Alan Moorhead : Avrupa diplomasisinin çıkmazlarında ihtiyatla yolunu arayan ve Avrupa devletlerinin birbirine düşmüş meclislerinde kendi lehinde fırsatlar kollamaya çalışan ürkek ve tereddütler içindeki Osmanlı, artık yerini, dimdik adeta mağrur ve kendine güvenen, kendi hayatını yaşamaya azmetmiş, Hristiyan düşmanlarına tam bir istihfafla bakan şahsiyete bırakmıştı.
Robert Rhodes James : Çanakkale Boğazındaki Türkler ve Almanlar da 18 Martı aralıksız takip eden sessiz günler, şaşkınlık ve sonra da, büyük bir sevinç uyandırdı. Moral, son derece yüksekti. Kaleler ve tabyalardaki hasar da kolaylıkla giderilmiş olmakla beraber, ağır bataryaların cephane durumu ciddiyetini koruyordu.

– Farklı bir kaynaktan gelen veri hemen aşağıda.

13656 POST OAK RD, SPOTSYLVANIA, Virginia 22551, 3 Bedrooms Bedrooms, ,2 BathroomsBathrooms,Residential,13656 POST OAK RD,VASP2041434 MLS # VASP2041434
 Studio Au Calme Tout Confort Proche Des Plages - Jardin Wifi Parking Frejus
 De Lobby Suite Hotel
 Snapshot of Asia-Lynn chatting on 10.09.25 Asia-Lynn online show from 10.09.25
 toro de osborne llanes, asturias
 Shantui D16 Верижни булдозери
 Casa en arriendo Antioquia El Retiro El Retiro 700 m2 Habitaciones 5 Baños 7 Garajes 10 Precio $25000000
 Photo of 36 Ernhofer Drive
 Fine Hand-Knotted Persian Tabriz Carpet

Neredeyse her köyden hatta her aileden birer Mehmedin katıldığı 253 bin şehidin verildiği Çanakkale Destanının okullarda ders olarak anlatılması, sadece zafer haftasında değil, sene boyunca okullarda yapılan organizelerle bütün Türkiyeden gençlerin gruplar halinde götürülerek o mukaddes toprakların gezdirilmesi, o topraklar altında yatan Mehmet Akif ERSOYun tarifiyle “Bedrin Arslanları kadar şanlı” şehitlerimiz için filmler yapılması, tiyatrolar sahnelenmesi gençliğimizi bilgilendirecek, bilinçlendirecek ve hem kendi adlarına, hem aileleri adına, hem de Yüce Türk milleti adına çok daha faydalı bireyler olmalarına vesile olacaktır.
İşte bu yazımı hazırlarken aldığım bir davet tevafukun böylesi dedirtti bana… Çanakkale Zaferinin 100. Yıldönümüne denk gelen 18 Mart 2015 Çarşamba akşamı saat: 18.30da Şair Nabi Kültür Merkezinde (Eski Belediye Sineması) “100. Yılında 100 Bozkurt Çanakkale Şehitlerini Anıyor” adlı tiyatro gösterisi ardından da şehitlerin ruhu için Mevlüt okunacak olan programı Ülkü Ocakları Eğitim ve Kültür Vakfı organize ediyor. Bu anlamlı programa ailece katılarak şehitlerimize birer Fatiha yollamak her Türk evladının asli görevidir.
Çanakkale ruhuna sahip gençlerin yetişmesi dileklerimle, bütün şehitlerimizin manevi huzurlarında saygı ile eğiliyorum.